Descubrí a Haruki Murakami por accidente, como si el destino se hubiera escondido entre los estantes polvorientos de una librería.
Era una tarde cualquiera, de esas sin pretensiones, cuando mis dedos tropezaron con un libro de portada sobria y título misterioso: Tokio Blues (Norwegian Wood). No sabía entonces que esa elección casi al azar marcaría un antes y un después en mi forma de leer, de escribir y hasta de sentir.
Me atrajo el título, sí, pero también esa melancolía latente que parecía emanar de las páginas incluso antes de abrirlo. Comencé a leerlo esa misma noche, sin expectativas, como quien tantea el agua con la punta del pie antes de zambullirse. Pero en pocas páginas, Murakami me había sumergido por completo.
No era solo la historia de Toru Watanabe, sino el silencio entre sus palabras. La manera en que la tristeza no era un accidente, sino un estado natural, una bruma constante que envolvía a los personajes. Reiko, Naoko, Midori… cada uno parecía llevar dentro una herida que no cerraba, y, sin embargo, caminaban con una dignidad casi poética. Era un universo íntimo, donde el dolor se contaba con una delicadeza brutal, sin melodrama, sin adornos. Solo verdad.

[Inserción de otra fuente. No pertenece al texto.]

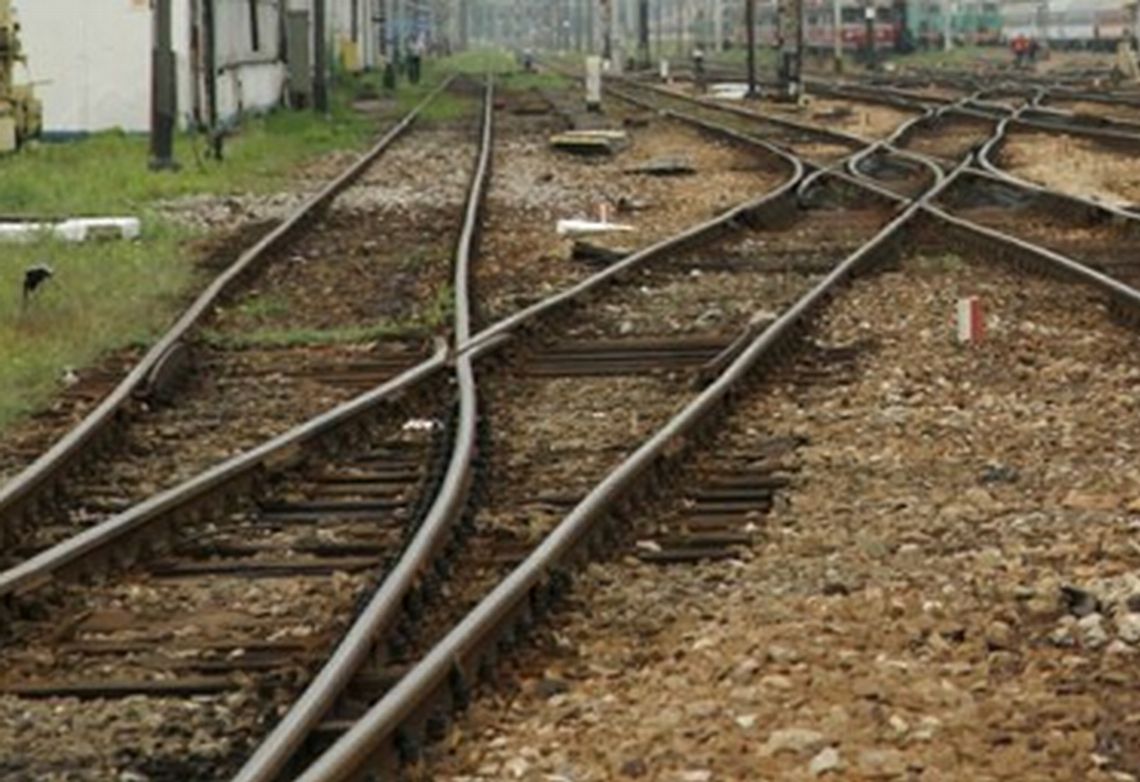 BMW zawisło na torach przed jadącym pociągiem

Murakami no gritaba, susurraba. Y en ese murmullo descubrí más sobre la soledad, el amor, la muerte y el tiempo que en muchos tratados filosóficos.
Me desarmó su capacidad de hacer que lo cotidiano —una canción de los Beatles, una taza de café, una caminata bajo la lluvia— tuviera un peso simbólico tan profundo. Como si lo esencial de la vida estuviera oculto en los resquicios del día a día, esperando ser descubierto por quien tuviera la paciencia de mirar.
Tokio Blues fue solo la entrada. Después vinieron Kafka en la orilla, Crónica del pájaro que da cuerda al mundo, After Dark, Al sur de la frontera al oeste del sol y así, 14 novelas del melómano japonés.
Cada libro era un portal hacia un mundo donde lo real y lo alucinado se entrelazaban con naturalidad, como si siempre hubieran coexistido. Murakami me enseñó que lo absurdo también podía ser hermoso, que el surrealismo no tenía por qué ser ajeno al corazón.
Es fascinante cómo musicaliza cada obra y que no solo uno lee, sino aprende de música, sobre todo de jazz.
Poco a poco, se convirtió en uno de mis autores de cabecera. No por moda, ni por prestigio, sino por afinidad emocional. Leerlo es como mirarse en un espejo hondo y sincero. Hay algo en su forma de narrar que coincide con mis propias grietas.
Hoy, cada vez que me siento perdido o desconectado, vuelvo a sus libros como quien regresa a casa. Y siempre encuentro algo nuevo, una frase que no había notado antes, una emoción que cobra sentido.
EN CINCO PALABRAS.- Música y lectura en uno.
PUNTO FINAL.- “Los libros no te salvan la vida, pero a veces te la devuelven”: Cirilo Stofenmacher.